Bowling with Government
"The Tocqueville Problem" by Theda Skocpol, in Social Science History (Winter 1997), 905 W. Main St., Ste. 18-B, Box 90660, Durham, N.C. 27708–0660. ----------------------------------------------------------------------------------------------------------------------------------------------------
"Nothing strikes a European traveler in the United States more," Alexis de Tocqueville wrote in Democracy in America (1835–40), "than the absence of what we would call government or administration." Conservative champions of civil society often cite the French visitor’s famous work to show that local voluntary associations only flourish with a minimal national government. But, argues Skocpol, a professor of government and sociology at Harvard University, today’s conservatives miss, as Tocqueville himself did, how closely the civic vitality of the early United States was connected with the national government.

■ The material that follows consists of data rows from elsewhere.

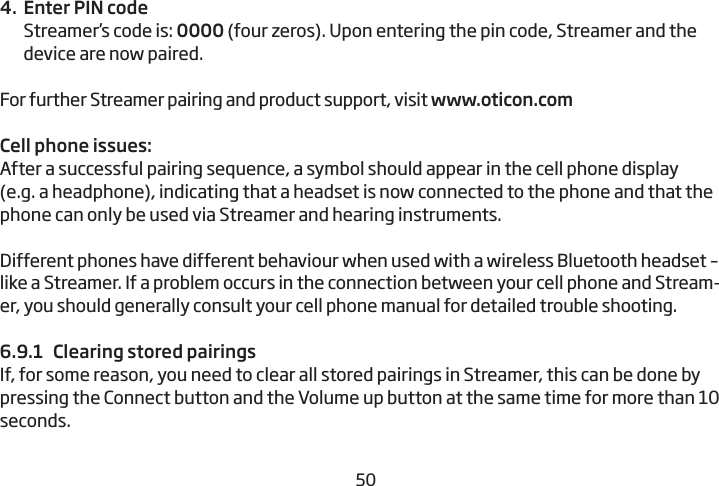 50514.  Enter PIN codeStreamer’s code is: 0000 (four zeros). Upon entering the pin code, Streamer and the device are now paired. For further Streamer pairing and product support, visit www.oticon.comCell phone issues:After a successful pairing sequence, a symbol should appear in the  cell phone display (e.g. a headphone), indicating that a headset is now  connected to the phone and that the phone can only be used via Streamer and  hearing instruments. Different phones have different behaviour when used with a wireless Bluetooth headset – like a Streamer. If a problem occurs in the connection between your cell phone and Stream-er, you should generally consult your cell phone manual for detailed trouble shooting. 6.9.1  Clearing stored pairingsIf, for some reason, you need to clear all stored pairings in Streamer, this can be done by pressing the Connect button and the Volume up  button at the same time for more than 10 seconds.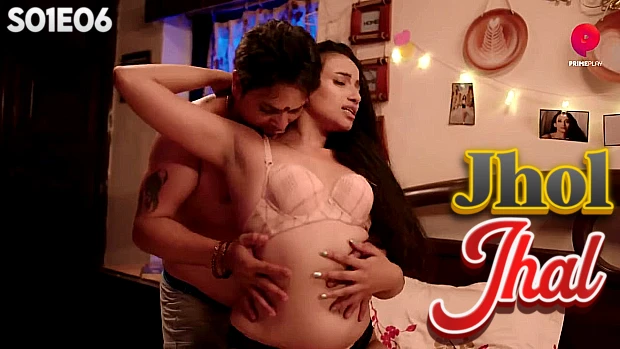 Jhol Jhal S01E06 Hindi Hot Web Series – PrimePlay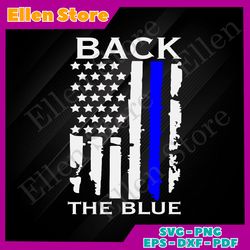 Back The Blue Svg, Trending Svg, Thin Blue Line, American Flag,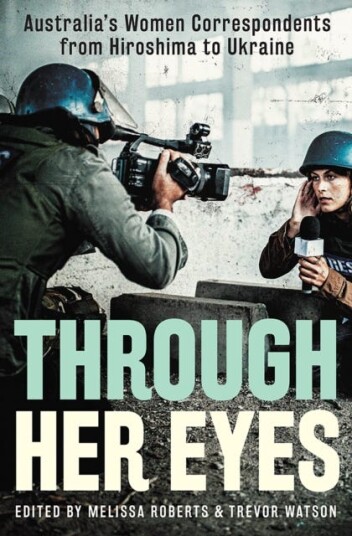 Through Her Eyes  Australia's Women Correspondents from Hiroshima to Ukraine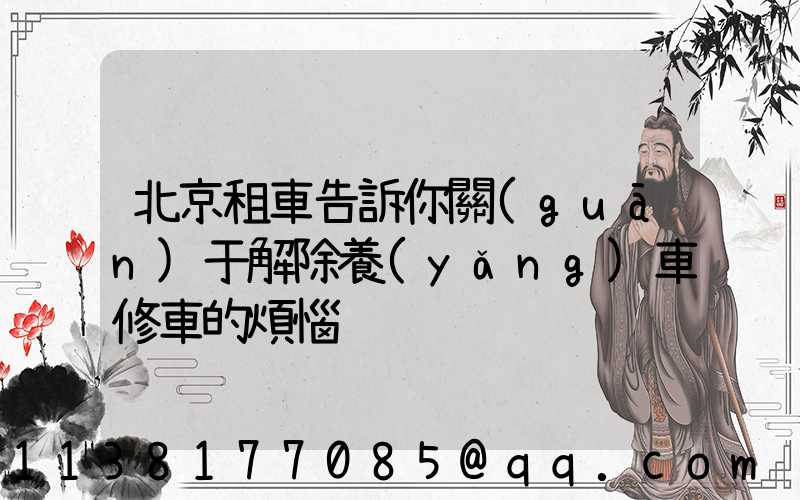 北京租車告訴你關(guān)于解除養(yǎng)車修車的煩惱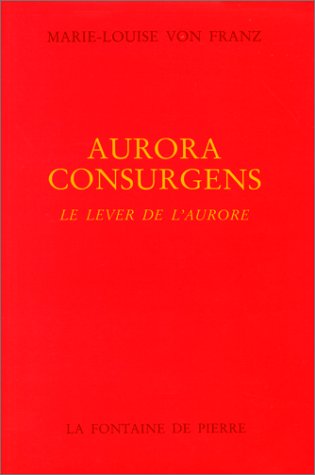 Aurora Consurgens Le lever de l'aurore Marie Louise von Franz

"The remarkable size and reach of the U.S. post office gives the lie to any notion that ‘government’ and ‘administration’ were ‘absent’ in early America," Skocpol writes.
Whereas France had only four post offices for every 100,000 inhabitants, and Great Britain 17, the United States had 74. "The postal system," she points out, drawing on historian Richard John’s Spreading the News: The American Postal System from Franklin to Morse (1995), "was the biggest enterprise of any kind in the pre-industrial United States," and for most Americans, it was the federal government. The 8,764 postal workers in 1831, and the 14,290 a decade later, constituted more than three-fourths of all federal employees, and most were part-time postmasters in towns scattered throughout the countryside.

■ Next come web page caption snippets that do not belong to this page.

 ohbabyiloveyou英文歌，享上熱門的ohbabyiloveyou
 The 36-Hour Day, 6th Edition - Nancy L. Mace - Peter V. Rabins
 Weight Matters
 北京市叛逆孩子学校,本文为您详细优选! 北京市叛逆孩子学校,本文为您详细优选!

Tocqueville, traveling by stagecoach through remote areas of Kentucky and Tennessee, was astonished by the "circulation of letters and newspapers among these savage woods." Indeed, Skocpol adds, his travels "might not have been possible had not many U.S. stagecoach companies been subsidized through Congress so that mail could be carried to small communities and representatives could travel home to remote districts."

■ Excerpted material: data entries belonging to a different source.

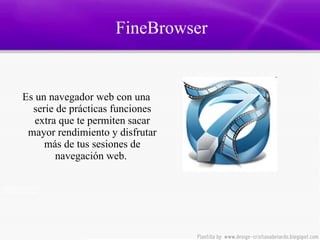 FineBrowser Es un navegador web con una serie de prácticas funciones extra que te permiten sacar mayor rendimiento y disfrutar más de tus sesiones de navegación web.  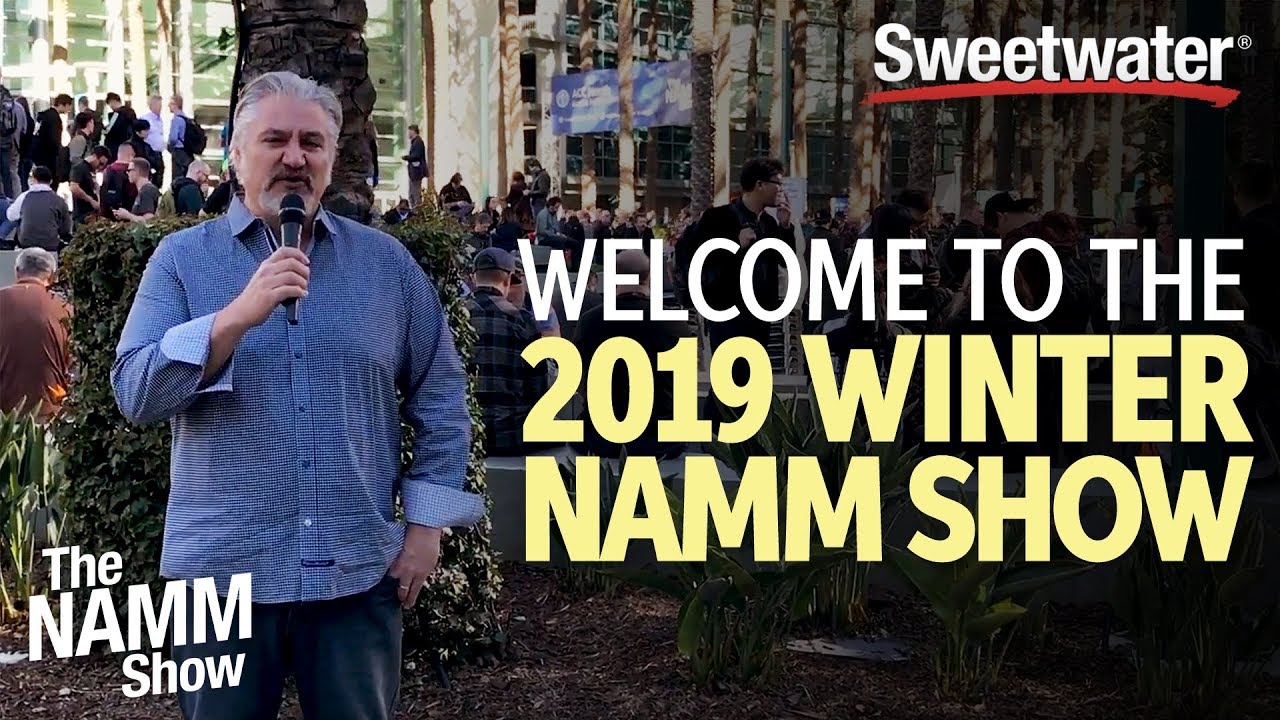 Welcome to the 2019 Winter NAMM Show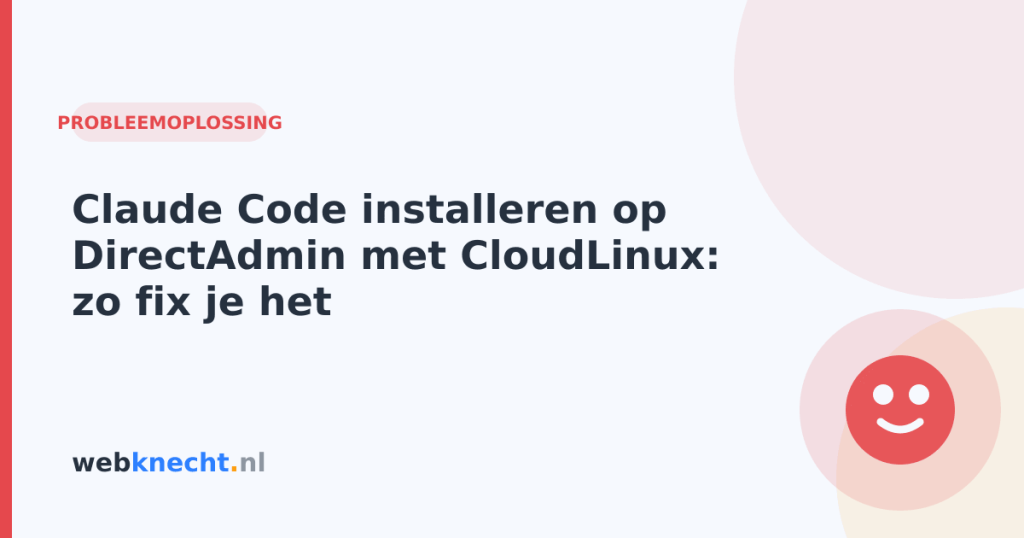 Claude Code installeren op DirectAdmin met CloudLinux: zo fix je het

The relative safety, speed, and reach of the federal mail greatly facilitated commerce in the early United States, of course, but the postal system "was even more important for U.S. civil society and democratic politics," Skocpol says. Congressmen and senators could communicate freely by mail with their constituents, and "citizens, even those in the remotest hamlets, could readily communicate with one another, monitoring the doings of Congress and state legislatures as well as those of local governments. Voluntary associations soon learned to put out their message in ‘newspaper’ format to take advantage of the mails." By encouraging communications among citizens, she observes, the antebellum postal system helped to draw them into "passionate involvements" in regional and national political campaigns and in moral crusades, such as the temperance and abolitionist movements.
The government’s encouraging role did not end then, Skocpol says. Her preliminary studies suggest that large grassroots voluntary associations, such as the American Legion and the United Auto Workers (UAW), are especially likely to be formed during times of intense national political activity—World War I in the American Legion’s case, the New Deal in the UAW’s. During the 19th century and, to a lesser extent, the 20th, it seems, national politics and government, far from smothering civil society, encouraged it.